**Problem details:** Restate the opening lines of the material below word for word, stopping after the line that contains "MBTPS2 Antibody (N-term)".

[Start of Attachment]

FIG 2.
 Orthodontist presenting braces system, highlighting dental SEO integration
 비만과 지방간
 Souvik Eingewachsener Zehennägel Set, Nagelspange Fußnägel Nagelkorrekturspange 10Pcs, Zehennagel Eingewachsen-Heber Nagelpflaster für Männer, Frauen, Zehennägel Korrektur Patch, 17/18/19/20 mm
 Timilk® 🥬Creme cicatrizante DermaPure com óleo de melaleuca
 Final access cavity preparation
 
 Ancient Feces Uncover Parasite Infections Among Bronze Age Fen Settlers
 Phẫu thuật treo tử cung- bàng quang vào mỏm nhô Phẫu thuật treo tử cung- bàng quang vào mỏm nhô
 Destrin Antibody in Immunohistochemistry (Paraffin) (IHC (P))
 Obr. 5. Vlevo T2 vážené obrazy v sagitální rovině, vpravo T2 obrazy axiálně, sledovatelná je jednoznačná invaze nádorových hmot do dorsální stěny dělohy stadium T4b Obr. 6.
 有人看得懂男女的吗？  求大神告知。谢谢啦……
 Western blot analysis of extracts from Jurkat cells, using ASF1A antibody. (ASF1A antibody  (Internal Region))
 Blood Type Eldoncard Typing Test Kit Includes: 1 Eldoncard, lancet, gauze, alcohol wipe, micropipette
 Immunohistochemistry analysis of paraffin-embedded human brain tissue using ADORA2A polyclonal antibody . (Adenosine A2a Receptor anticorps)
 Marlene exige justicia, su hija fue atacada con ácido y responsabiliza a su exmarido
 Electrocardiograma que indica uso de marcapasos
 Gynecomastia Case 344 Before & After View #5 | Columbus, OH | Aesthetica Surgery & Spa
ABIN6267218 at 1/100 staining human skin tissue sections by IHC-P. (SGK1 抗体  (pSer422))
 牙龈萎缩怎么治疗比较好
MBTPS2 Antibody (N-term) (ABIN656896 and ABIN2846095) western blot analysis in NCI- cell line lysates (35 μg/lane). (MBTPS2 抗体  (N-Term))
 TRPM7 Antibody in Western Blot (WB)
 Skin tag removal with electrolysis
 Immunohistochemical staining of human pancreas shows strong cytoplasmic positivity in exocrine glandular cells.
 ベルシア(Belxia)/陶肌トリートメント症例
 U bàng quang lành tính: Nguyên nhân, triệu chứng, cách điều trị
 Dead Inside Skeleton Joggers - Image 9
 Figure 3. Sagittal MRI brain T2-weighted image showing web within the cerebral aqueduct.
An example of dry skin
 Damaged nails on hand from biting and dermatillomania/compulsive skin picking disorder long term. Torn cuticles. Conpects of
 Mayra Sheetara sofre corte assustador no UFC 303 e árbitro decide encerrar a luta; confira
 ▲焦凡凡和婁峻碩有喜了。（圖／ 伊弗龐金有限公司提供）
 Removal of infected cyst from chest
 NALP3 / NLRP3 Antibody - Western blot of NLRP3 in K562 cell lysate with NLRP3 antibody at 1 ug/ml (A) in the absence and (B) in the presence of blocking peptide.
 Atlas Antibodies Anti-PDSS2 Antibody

[End of Attachment]

**Exercise answer:**
FIG 2.
 Orthodontist presenting braces system, highlighting dental SEO integration
 비만과 지방간
 Souvik Eingewachsener Zehennägel Set, Nagelspange Fußnägel Nagelkorrekturspange 10Pcs, Zehennagel Eingewachsen-Heber Nagelpflaster für Männer, Frauen, Zehennägel Korrektur Patch, 17/18/19/20 mm
 Timilk® 🥬Creme cicatrizante DermaPure com óleo de melaleuca
 Final access cavity preparation
 
 Ancient Feces Uncover Parasite Infections Among Bronze Age Fen Settlers
 Phẫu thuật treo tử cung- bàng quang vào mỏm nhô Phẫu thuật treo tử cung- bàng quang vào mỏm nhô
 Destrin Antibody in Immunohistochemistry (Paraffin) (IHC (P))
 Obr. 5. Vlevo T2 vážené obrazy v sagitální rovině, vpravo T2 obrazy axiálně, sledovatelná je jednoznačná invaze nádorových hmot do dorsální stěny dělohy stadium T4b Obr. 6.
 有人看得懂男女的吗？  求大神告知。谢谢啦……
 Western blot analysis of extracts from Jurkat cells, using ASF1A antibody. (ASF1A antibody  (Internal Region))
 Blood Type Eldoncard Typing Test Kit Includes: 1 Eldoncard, lancet, gauze, alcohol wipe, micropipette
 Immunohistochemistry analysis of paraffin-embedded human brain tissue using ADORA2A polyclonal antibody . (Adenosine A2a Receptor anticorps)
 Marlene exige justicia, su hija fue atacada con ácido y responsabiliza a su exmarido
 Electrocardiograma que indica uso de marcapasos
 Gynecomastia Case 344 Before & After View #5 | Columbus, OH | Aesthetica Surgery & Spa
ABIN6267218 at 1/100 staining human skin tissue sections by IHC-P. (SGK1 抗体  (pSer422))
 牙龈萎缩怎么治疗比较好
MBTPS2 Antibody (N-term) (ABIN656896 and ABIN2846095) western blot analysis in NCI- cell line lysates (35 μg/lane). (MBTPS2 抗体  (N-Term))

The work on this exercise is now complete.